Wie bereits in den vergangenen Präsentationen steht erneut das Zusammenwirken unterschiedlicher Kunstartikulationen im Zentrum, wird die gegenseitige künstlerische Befruchtung und – auch dies ein ganz wichtiger Aspekt der Ausstellungskonzeption – ein reger Austausch mit dem Ausstellungsbesucher gesucht.
Der Wiener Architekt, Maler und Bildhauer Gerhard Fassel, der im temporären schauraum vor zwei Jahren bereits Gastkünstler war und damals mit seiner durch lange Arbeitsaufenthalte in China entstandenen Malerei überzeugte, präsentiert nun seine aktuellen skulpturalen Arbeiten und Bildobjekte.
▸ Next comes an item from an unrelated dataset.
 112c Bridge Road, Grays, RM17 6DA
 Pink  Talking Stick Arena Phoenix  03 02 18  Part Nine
Sie treten in eine spannungsgeladene Interaktion mit den großformatigen, farblich kraftvollen Arbeiten, den markanten Metallplatten und experimentierfreudigen Werken aus Gipsmull von Peter Köcher.
In der Arbeit »Gefährliche Bücher« artikuliert sich die bedrohende, vielleicht tödliche Macht von Sprache und Kunst. Durch die Alufarbe hindurch schimmern noch die Schriftzeichen beziehungsweise eine Landkarte. Die beiden Pistolen, die in die Bücher eingedrungen sind, demonstrieren die Doppelbödigkeit von Wort und Bild, den Balanceakt auf dem Seil ohne sicherndes Netz darunter. Vielschichtig wie die Auslegung des Wortes ist auch Gerhard Fassels Werk konzipiert: Die Basis bildet Leinwand auf Spanplatte, worauf ein Gemisch aus Sand und Leim modelliert wurde, das sich partiell um die beiden geöffneten Bücher windet. In Acryl- und Ölfarbe hat der Künstler schließlich jene irritierende Bildwirklichkeit eingehüllt und leitet damit den Blick des Betrachters in das Verborgene, das Geheimnisvolle unter der Oberfläche.
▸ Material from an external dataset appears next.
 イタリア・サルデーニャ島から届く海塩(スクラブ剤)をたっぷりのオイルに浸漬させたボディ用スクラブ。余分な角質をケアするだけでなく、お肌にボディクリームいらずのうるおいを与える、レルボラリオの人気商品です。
Eine ähnliche Materialassemblage begegnet uns in der Arbeit »Einschnitt«. Auch hier greift Fassel auf das Medium Buch zurück: Vier aufgeschlagene Bücher, die nur leicht mit einem silbrigen Farbfilm überzogen sind, formulieren in ihrer Mitte ein blaues Kreuz, das aus Sand und Leim geformt und durch eine biomorphe Oberflächenstruktur geprägt ist. Links davon befinden sich eine nach unten geöffnete Schere sowie eine mit Schnüren durchwobene Metallkonstruktion. Die Schere als Symbol für den »Einschnitt« ist relativ klein, doch die faktische Trennung der »Letternkunst« – das Kreuz zwischen den Büchern – prangt und fordert zu eingehender Betrachtung auf, regt zu Gedankenspielen und Assoziationen an.
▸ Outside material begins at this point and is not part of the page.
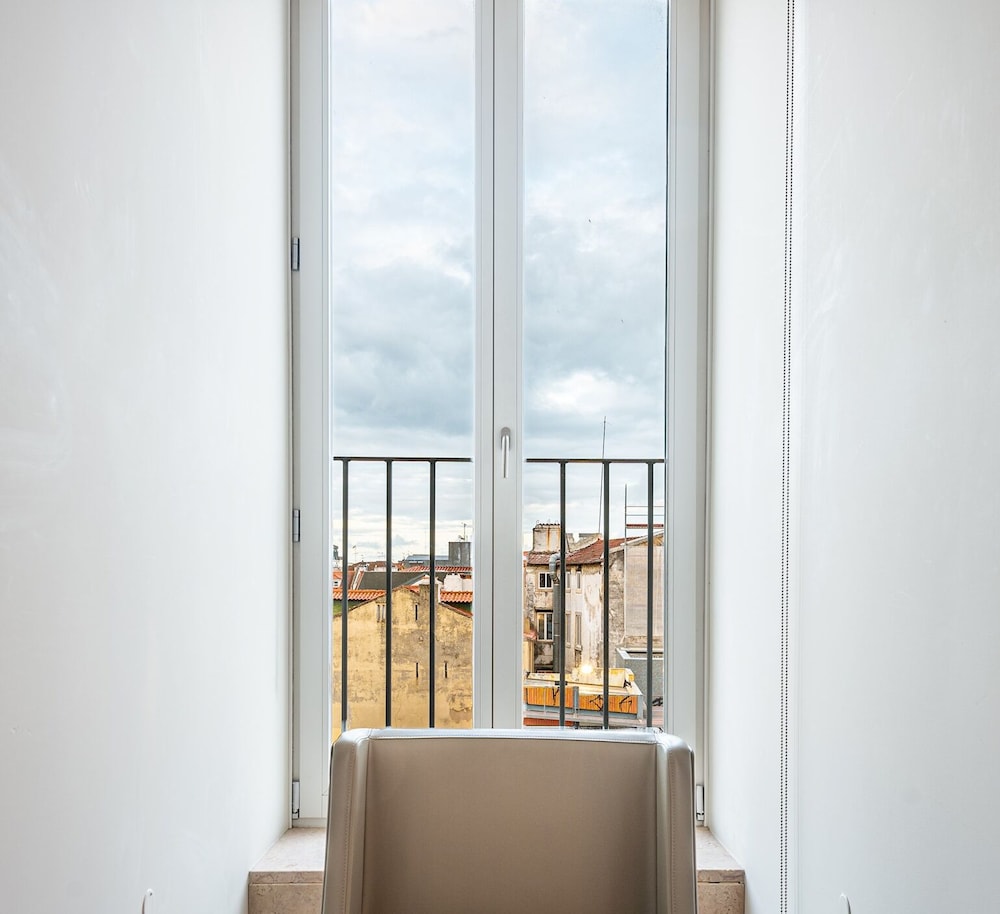 Exclusive Top Floor 2BD by the TimeOut market — 4-Star Luxury Hotel in Lisbon, Portugal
Neben den kleinformatigen Collagearbeiten, die sich durch Modellierung des Papiers, gekräuseltes, weißes Klebeband, intensiv leuchtende, rote Farbpartien und eingestreute Tusche- beziehungsweise Bleistiftlineamente auszeichnen, begegnen uns die von Gipsmull ummantelten Arbeiten, auf denen Peter Köcher kleine Symbole angebracht hat, die es zu enträtseln gilt. Dabei ist besonders spannend, wie vielfältig und unterschiedlich die Assoziationen bei jedem Betrachter sein können – doch besteht genau darin das Hauptanliegen der Ausstellung. Nicht naive Harmonie, sondern Reibungspunkte, Kontraste und streitlustige, fruchtbare Dialoge werden angestrebt.
Insgesamt überzeugt der temporäre schauraum sowohl durch eine gelungene Präsentation und zusammen mit dem Atelier Köcher durch eine Vielfalt an Werken als auch durch hochrangige, innovative Werke, die zu Augenakrobatik animieren, die Fantasie des Betrachters herausfordern und ihm zugleich das Gefühl von Ideenfreiheit vermitteln. Und genau auf diese Weise machen Ausstellungsbesuche Spaß!